Activity -
Using the data below, print exactly the line with "Продажа на аукционе", the line with "Premium Readymade Digital", and every line between them, but none of the pictures.

Data shown -
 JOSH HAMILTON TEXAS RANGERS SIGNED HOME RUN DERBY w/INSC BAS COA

* * *

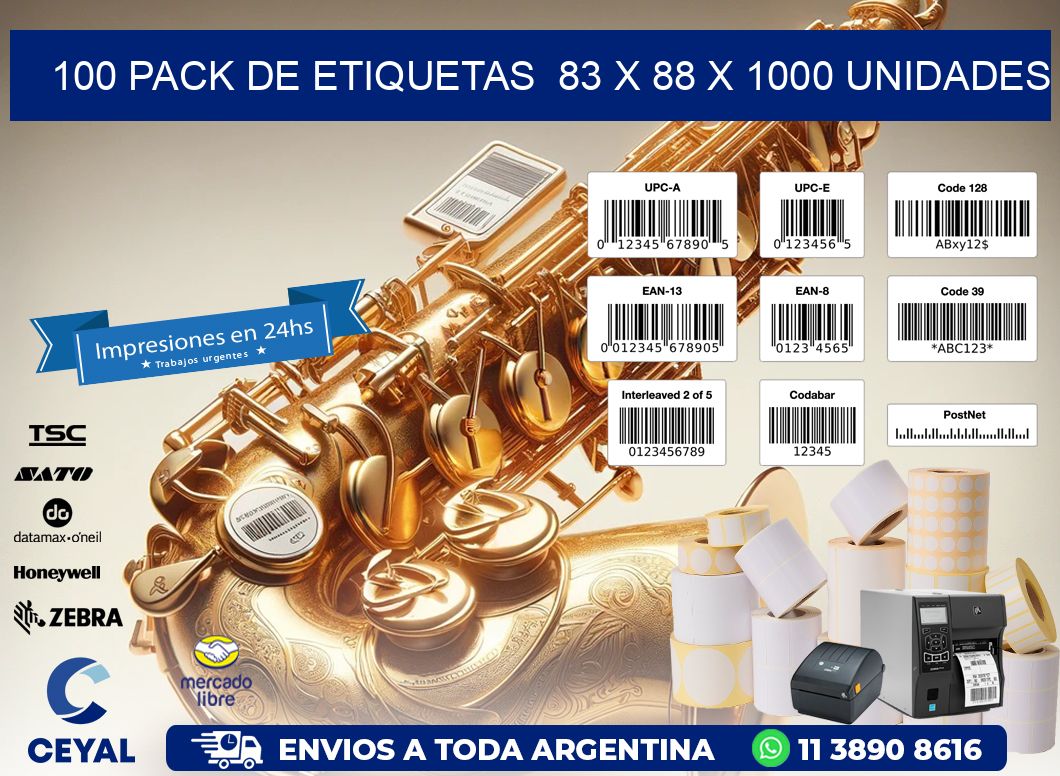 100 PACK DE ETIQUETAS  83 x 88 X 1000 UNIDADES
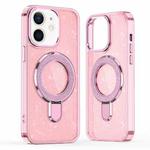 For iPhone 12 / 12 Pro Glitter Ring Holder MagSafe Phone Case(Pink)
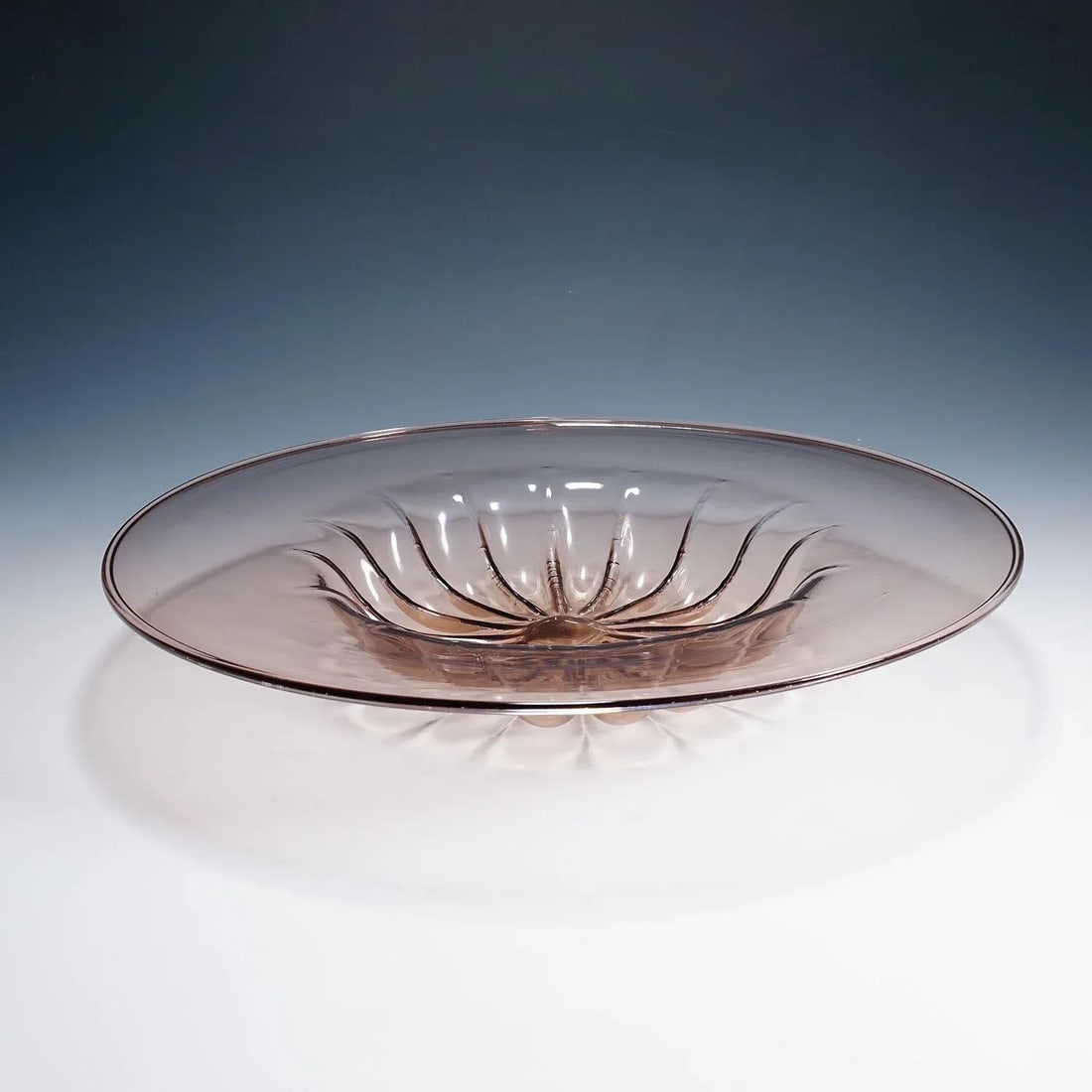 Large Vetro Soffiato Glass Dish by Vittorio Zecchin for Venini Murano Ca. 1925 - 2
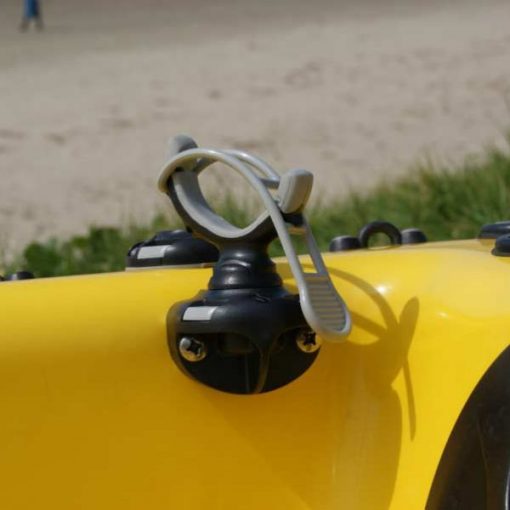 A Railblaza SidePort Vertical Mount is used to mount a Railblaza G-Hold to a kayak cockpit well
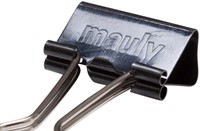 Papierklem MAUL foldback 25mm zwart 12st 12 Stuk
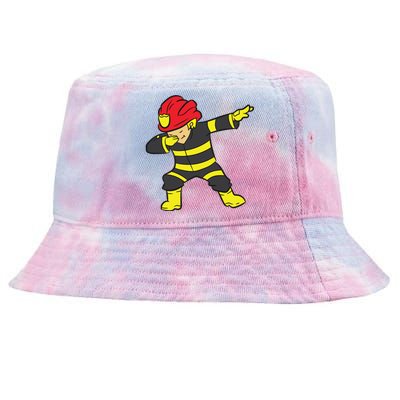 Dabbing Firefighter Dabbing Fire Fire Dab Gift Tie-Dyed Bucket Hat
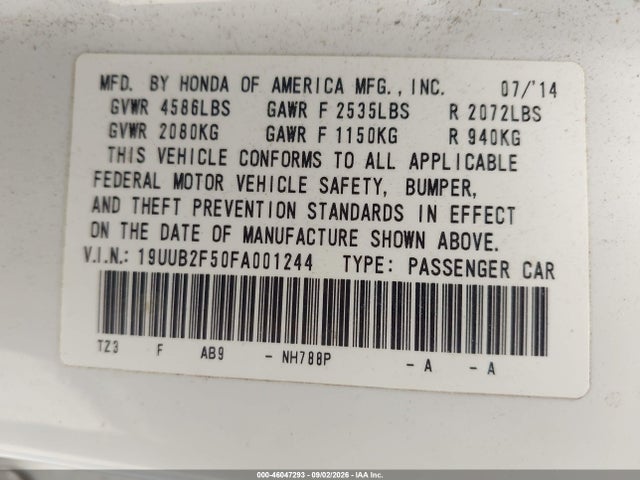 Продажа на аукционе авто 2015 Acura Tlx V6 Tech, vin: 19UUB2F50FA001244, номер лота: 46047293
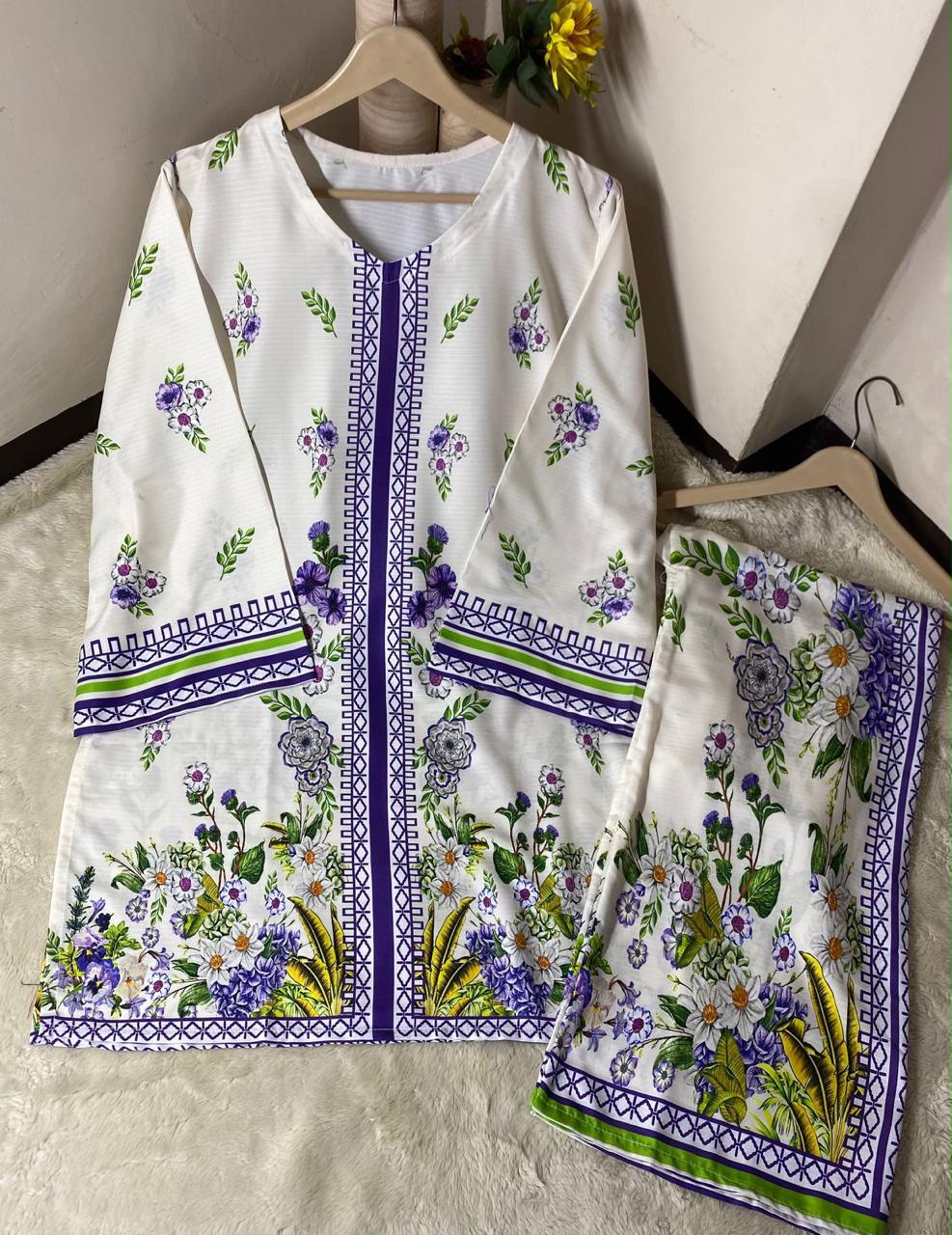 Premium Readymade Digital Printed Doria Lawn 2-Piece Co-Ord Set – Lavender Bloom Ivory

Solution -
 Продажа на аукционе авто 2015 Acura Tlx V6 Tech, vin: 19UUB2F50FA001244, номер лота: 46047293
 Premium Readymade Digital Printed Doria Lawn 2-Piece Co-Ord Set – Lavender Bloom Ivory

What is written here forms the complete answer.